1st Half of 2015 - Auto World Cars


----------



## Bubba 123 (Sep 10, 2010)

slots-n-stuff said:


> 1st Half of 2015 - Auto World Cars


ok, need some edumacation here on Silver Screen Releases;
68 charger= Christine????

70 Chevelle= Vanishing Point ?????

"Vot's w/ Dis' ??????

Bubba 123 :freak::wave:

the Christine & maybe "Axel's" Nova :thumbsup:


----------



## Gear Head (Mar 22, 2005)

I love Willys but those paint jobs blow.
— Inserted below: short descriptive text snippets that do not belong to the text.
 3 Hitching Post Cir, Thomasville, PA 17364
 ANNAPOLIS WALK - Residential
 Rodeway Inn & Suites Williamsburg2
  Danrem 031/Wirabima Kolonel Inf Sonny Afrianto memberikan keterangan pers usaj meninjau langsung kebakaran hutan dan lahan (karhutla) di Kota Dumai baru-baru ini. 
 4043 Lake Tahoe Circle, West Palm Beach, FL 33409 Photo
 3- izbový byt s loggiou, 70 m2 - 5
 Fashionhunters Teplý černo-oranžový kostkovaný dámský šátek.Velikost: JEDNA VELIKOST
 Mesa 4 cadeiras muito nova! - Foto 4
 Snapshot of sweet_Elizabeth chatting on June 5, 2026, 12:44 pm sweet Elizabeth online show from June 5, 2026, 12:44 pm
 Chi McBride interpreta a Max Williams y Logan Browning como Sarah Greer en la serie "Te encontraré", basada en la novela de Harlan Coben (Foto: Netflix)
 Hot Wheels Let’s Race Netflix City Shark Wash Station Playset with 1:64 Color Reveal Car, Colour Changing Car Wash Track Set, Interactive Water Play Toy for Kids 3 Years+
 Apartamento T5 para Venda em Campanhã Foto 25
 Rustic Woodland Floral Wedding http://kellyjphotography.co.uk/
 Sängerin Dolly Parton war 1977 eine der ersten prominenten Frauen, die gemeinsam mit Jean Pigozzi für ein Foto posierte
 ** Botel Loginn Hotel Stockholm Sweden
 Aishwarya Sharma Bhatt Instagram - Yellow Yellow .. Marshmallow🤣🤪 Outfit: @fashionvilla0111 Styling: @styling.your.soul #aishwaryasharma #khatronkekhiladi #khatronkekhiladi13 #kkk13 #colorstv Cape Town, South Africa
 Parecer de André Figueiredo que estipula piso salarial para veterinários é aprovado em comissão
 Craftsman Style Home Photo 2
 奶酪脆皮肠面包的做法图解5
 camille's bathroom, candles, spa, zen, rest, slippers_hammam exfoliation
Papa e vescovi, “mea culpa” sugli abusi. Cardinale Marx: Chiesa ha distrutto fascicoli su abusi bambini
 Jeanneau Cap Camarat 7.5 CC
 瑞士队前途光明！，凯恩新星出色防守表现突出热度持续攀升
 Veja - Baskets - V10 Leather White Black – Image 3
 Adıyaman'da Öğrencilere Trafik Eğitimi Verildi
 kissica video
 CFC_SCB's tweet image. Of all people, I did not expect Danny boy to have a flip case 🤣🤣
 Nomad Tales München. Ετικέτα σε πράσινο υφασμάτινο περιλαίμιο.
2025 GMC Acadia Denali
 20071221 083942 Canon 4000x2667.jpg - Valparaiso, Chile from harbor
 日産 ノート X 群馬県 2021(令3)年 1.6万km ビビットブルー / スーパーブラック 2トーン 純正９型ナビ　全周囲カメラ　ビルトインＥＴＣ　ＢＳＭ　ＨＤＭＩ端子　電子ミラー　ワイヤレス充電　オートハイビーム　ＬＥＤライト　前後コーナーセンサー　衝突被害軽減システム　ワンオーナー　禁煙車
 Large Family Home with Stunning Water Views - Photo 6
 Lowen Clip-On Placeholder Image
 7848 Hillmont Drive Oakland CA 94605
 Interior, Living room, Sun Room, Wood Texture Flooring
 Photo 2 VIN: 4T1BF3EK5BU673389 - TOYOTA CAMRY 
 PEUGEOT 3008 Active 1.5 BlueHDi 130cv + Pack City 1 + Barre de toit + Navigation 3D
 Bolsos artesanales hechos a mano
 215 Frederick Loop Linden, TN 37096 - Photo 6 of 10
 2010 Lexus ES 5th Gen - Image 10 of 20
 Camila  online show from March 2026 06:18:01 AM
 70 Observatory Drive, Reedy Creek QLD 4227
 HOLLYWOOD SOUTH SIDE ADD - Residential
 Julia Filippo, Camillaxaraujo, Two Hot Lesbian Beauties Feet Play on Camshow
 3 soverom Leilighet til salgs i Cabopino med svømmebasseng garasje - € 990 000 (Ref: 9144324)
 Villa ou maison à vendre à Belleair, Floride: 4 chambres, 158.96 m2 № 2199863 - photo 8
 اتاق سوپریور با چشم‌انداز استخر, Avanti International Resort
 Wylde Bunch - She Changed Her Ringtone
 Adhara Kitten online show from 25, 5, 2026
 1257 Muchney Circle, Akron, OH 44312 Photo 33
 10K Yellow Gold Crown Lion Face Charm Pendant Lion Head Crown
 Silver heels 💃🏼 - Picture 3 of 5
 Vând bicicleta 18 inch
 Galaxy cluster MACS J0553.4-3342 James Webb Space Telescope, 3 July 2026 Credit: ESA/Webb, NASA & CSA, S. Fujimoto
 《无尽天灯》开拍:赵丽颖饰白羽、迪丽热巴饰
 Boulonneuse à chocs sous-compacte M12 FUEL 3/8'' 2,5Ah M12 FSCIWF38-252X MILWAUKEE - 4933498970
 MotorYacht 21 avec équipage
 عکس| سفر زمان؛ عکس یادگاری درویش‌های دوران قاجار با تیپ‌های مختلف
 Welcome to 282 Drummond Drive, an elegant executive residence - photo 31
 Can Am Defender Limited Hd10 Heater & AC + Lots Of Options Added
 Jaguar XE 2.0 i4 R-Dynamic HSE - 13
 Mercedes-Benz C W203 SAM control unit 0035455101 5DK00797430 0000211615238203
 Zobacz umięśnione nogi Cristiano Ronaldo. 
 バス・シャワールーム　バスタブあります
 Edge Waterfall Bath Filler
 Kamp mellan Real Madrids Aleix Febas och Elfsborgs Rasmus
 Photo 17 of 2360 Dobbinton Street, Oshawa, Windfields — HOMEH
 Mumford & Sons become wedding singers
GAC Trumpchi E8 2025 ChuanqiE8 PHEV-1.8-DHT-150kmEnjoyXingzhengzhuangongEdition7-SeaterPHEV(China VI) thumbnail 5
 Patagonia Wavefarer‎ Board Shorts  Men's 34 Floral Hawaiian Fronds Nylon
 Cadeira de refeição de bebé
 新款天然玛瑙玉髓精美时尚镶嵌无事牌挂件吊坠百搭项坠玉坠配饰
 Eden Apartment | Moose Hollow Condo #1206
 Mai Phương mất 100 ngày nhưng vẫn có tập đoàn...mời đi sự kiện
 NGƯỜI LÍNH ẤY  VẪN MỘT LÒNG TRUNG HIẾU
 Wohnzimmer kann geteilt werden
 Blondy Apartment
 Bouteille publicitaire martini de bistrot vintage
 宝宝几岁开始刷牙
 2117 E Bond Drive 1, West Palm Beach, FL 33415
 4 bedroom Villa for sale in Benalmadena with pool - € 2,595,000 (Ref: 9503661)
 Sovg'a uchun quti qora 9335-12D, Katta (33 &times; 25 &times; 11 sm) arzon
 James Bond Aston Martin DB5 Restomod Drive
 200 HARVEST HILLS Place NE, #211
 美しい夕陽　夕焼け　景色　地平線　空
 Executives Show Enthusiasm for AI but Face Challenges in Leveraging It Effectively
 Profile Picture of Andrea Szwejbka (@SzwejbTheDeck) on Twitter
A couple of rigs look good though.


----------



## pshoe64 (Jun 10, 2008)

Arnie's best friend drove a Charger, plum crazy purple I think. I'm not sure about the Chevelle. Maybe it was a in the background somewhere ?

-Paul


----------



## noddaz (Aug 6, 1999)

*What?*

No 1/24 or 1/32 cars?

Sad face...

Scott


----------



## jeffaary (Dec 11, 2004)

pshoe64 said:


> Arnie's best friend drove a Charger, plum crazy purple I think. I'm not sure about the Chevelle. Maybe it was a in the background somewhere ?
> 
> -Paul


The Charger was blue:


----------



## Bubba 123 (Sep 10, 2010)

jeffaary said:


> The Charger was blue:


TY, think I may have 1 already :thumbsup:

Bubba 123 :wave:


----------



## HO2GO (Feb 21, 2015)

Have to say I've never understood the " I Wheels " releases; what is the purpose of cars with WHITE tires ? I can't say I've seen too many of them on the road lately. And then the paint schemes look really odd. The " Fighting Irish " FC turned to chrome ??? Outrageous ! White wall tires are nice; White tires would get real ugly real fast ! The same goes for orange, blue, or any other color tires. The only place colored tires belong is on these " FRAY " cars; most of which resemble a BLOB of plastic rather than an actual car. Most with badly done vaccum formed bodies and wheels that stick out like a kid's soap box car. And to add insult to injury the tracks are colored as well. Nothing even resembling an actual road surface. Oh yeah, and these fray cars are too fast as well !  Tetsuo.


----------



## BRPHO (Aug 1, 2006)

All AW needs to do is remove the black stripes from the blue charger in the most recent T-jet release and you will have the charger from out of the Christine movie.


----------



## brownie374 (Nov 21, 2007)

pshoe64 said:


> Arnie's best friend drove a Charger, plum crazy purple I think. I'm not sure about the Chevelle. Maybe it was a in the background somewhere ?
> 
> -Paul


The charger is blue watching Christine as I am typing this


----------



## Gear Head (Mar 22, 2005)

^like^ what HO2GO said


----------



## sethndaddy (Dec 4, 2004)

these are all nice cars in the first half.


----------



## TUFFONE (Dec 21, 2004)

Wow...That's disappointing.


----------



## HO2GO (Feb 21, 2015)

TUFFONE said:


> Wow...That's disappointing.


Which one's are you most disappointed about ?  Tetsuo.


----------



## TUFFONE (Dec 21, 2004)

It's not that some of them are not nicely decorated, etc...But how many more Willys do I really need? I have too many already. If they are going to reissue, at least use some of the leser used body styles. The Torino and the Ice Cream truck come immediately to mind. There is just not much in this release, or most of the last few year's releases that I find interesting.


----------



## blue55conv (May 23, 2007)

See my Willys comments in the Willys thread. It seems these threads got swapped.


----------



## midnight5 (Dec 23, 2008)

Nice looking batch of cars.


----------